- _PROVIDED INFORMATION_:
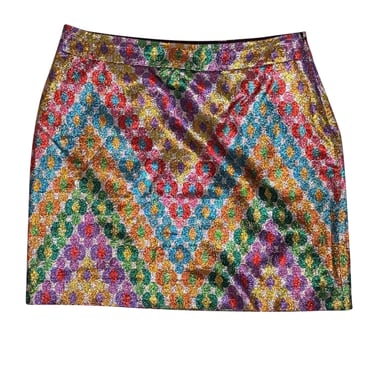 Missoni - Silver Metallic w/ Multi Color Print Mini Skirt Sz S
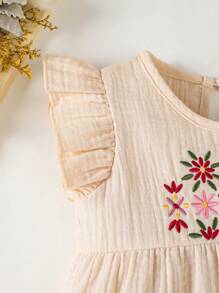 MommBaby Mono de una pieza con manga corta, volantes y bordado floral, lindo y casual para bebés niñas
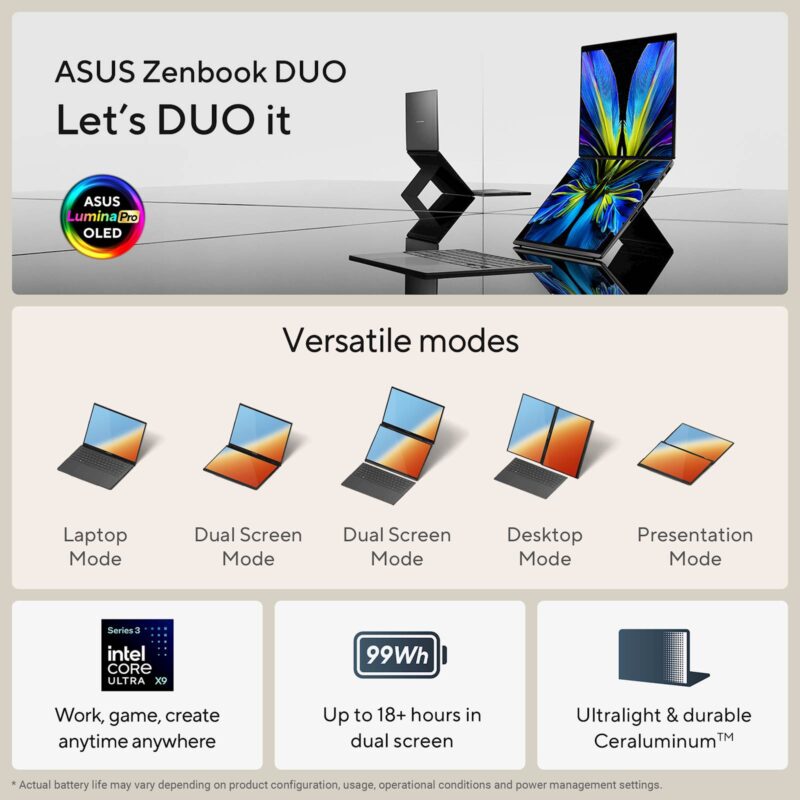 ASUS Zenbook Duo UX8407AA-SN094X Intel Core Ultra X9 388H/32GB/SSD2TB/2x 14" 3K OLED/W11Pro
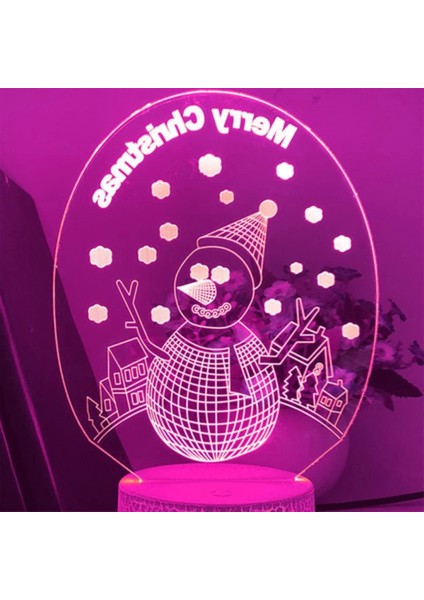 3D Kardan Adam Gece Lambası Illusion Gece Lambası 16 Renk Değiştirme Masa Masa Dekorasyon Lambaları Hediye Akrilik Düz Abs Taban USB Kablosu Oyuncak (Yurt Dışından) modelleri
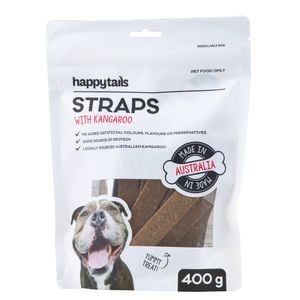 Happy Tails 400g Straps With Kangaroo Dog Treats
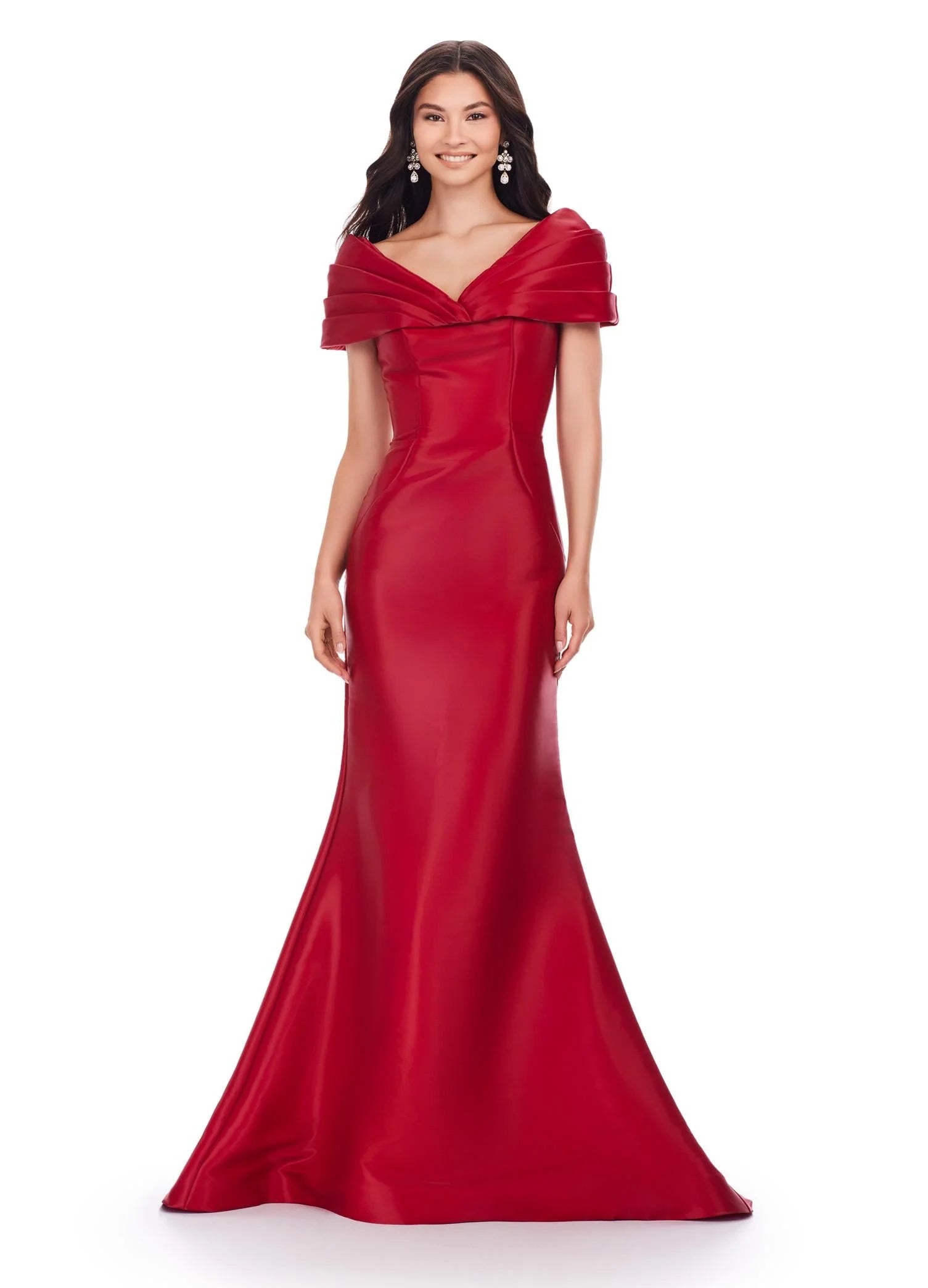 ON SALE SIZE 12 RED Ashley Lauren 11300 Off Shoulder Satin Evening Gown 12 / Navy ON SALE SIZE 12 RED Ashley Lauren 11300 Off Shoulder Satin Evening Gown 12 / Navy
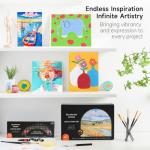 47 Pack Acrylic Paint Set, Shuttle Art 15 Colours (12ml Each, 2Pack) Acrylic Paint with 10 Brushes Painting Canvas Knife Palette Sponge, Complete Gift Set for Kids, Adults Painting Canvas, Ceramic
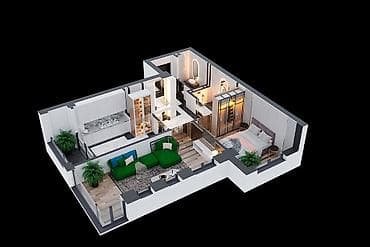 flat osh: 2 комнаты, 75 м², Азия Молл Элитка, 6 этаж, ПСО (под самоотделку) — 2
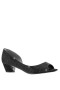 Women Nina Shoes Wide Widths | Rossie Black Satin Crystal Low-heel D'orsay Evening Pump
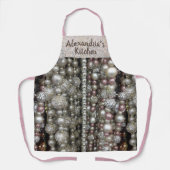 Glitzer Silber und Rosa Beads nach Maß Schürze (Vorderseite)
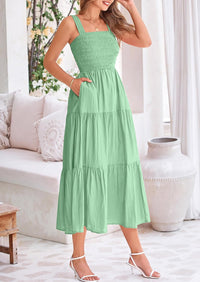 Womens Smocked Summer  Ruffle A Line Long Flowy Dresses Cute Sleeveless Beach Sundress Midi Dress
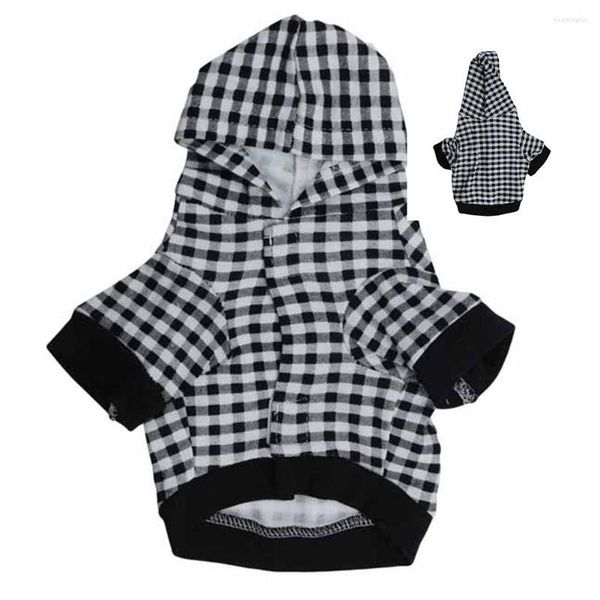 Abbigliamento per cani Moda primavera e autunno Generoso Felpa con cappuccio a scacchi bianco nero T-shirt a maniche lunghe per animali domestici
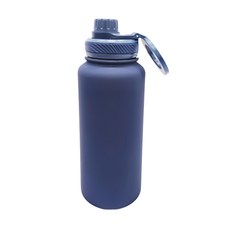 新款手機磁吸支架戶外水壺 304不鏽鋼內膽, 靛藍色, 1L, 1個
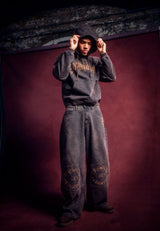 Mens Drawn By Ed Panelled Balloon Jeans - Brown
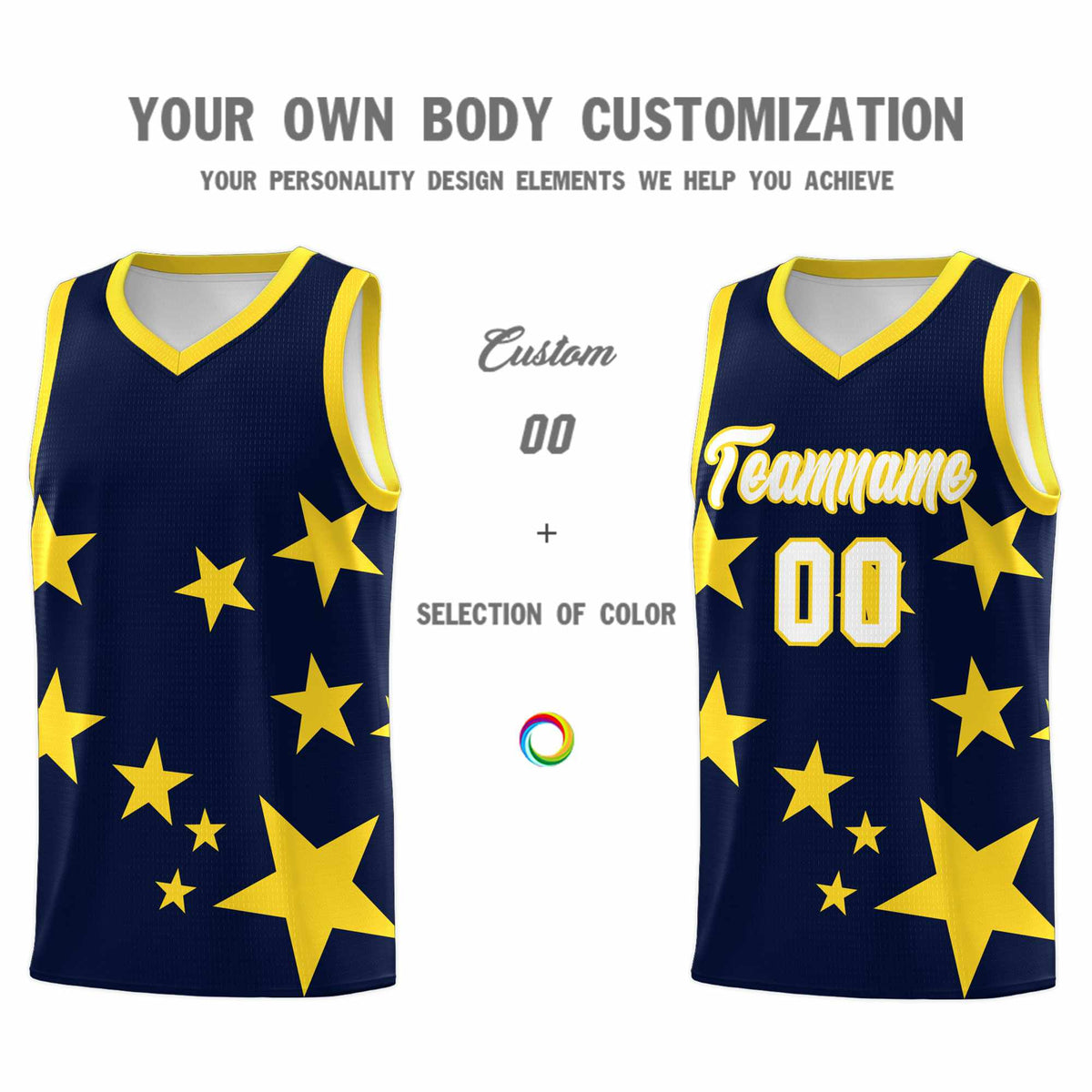 Custom Navy Gold Graffiti Pattern Star Print Basketball Kits Sets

- _TASK TO COMPLETE_: Reproduce every entry above in full and exactly, though not its pictures.

- _SOLUTION_:
 Missoni - Silver Metallic w/ Multi Color Print Mini Skirt Sz S
 MommBaby Mono de una pieza con manga corta, volantes y bordado floral, lindo y casual para bebés niñas
 ASUS Zenbook Duo UX8407AA-SN094X Intel Core Ultra X9 388H/32GB/SSD2TB/2x 14" 3K OLED/W11Pro
 3D Kardan Adam Gece Lambası Illusion Gece Lambası 16 Renk Değiştirme Masa Masa Dekorasyon Lambaları Hediye Akrilik Düz Abs Taban USB Kablosu Oyuncak (Yurt Dışından) modelleri
 Happy Tails 400g Straps With Kangaroo Dog Treats
 ON SALE SIZE 12 RED Ashley Lauren 11300 Off Shoulder Satin Evening Gown 12 / Navy ON SALE SIZE 12 RED Ashley Lauren 11300 Off Shoulder Satin Evening Gown 12 / Navy
 47 Pack Acrylic Paint Set, Shuttle Art 15 Colours (12ml Each, 2Pack) Acrylic Paint with 10 Brushes Painting Canvas Knife Palette Sponge, Complete Gift Set for Kids, Adults Painting Canvas, Ceramic
 flat osh: 2 комнаты, 75 м², Азия Молл Элитка, 6 этаж, ПСО (под самоотделку) — 2
 Women Nina Shoes Wide Widths | Rossie Black Satin Crystal Low-heel D'orsay Evening Pump
 Glitzer Silber und Rosa Beads nach Maß Schürze (Vorderseite)
 Womens Smocked Summer  Ruffle A Line Long Flowy Dresses Cute Sleeveless Beach Sundress Midi Dress
 Abbigliamento per cani Moda primavera e autunno Generoso Felpa con cappuccio a scacchi bianco nero T-shirt a maniche lunghe per animali domestici
 新款手機磁吸支架戶外水壺 304不鏽鋼內膽, 靛藍色, 1L, 1個
 Mens Drawn By Ed Panelled Balloon Jeans - Brown
 Custom Navy Gold Graffiti Pattern Star Print Basketball Kits Sets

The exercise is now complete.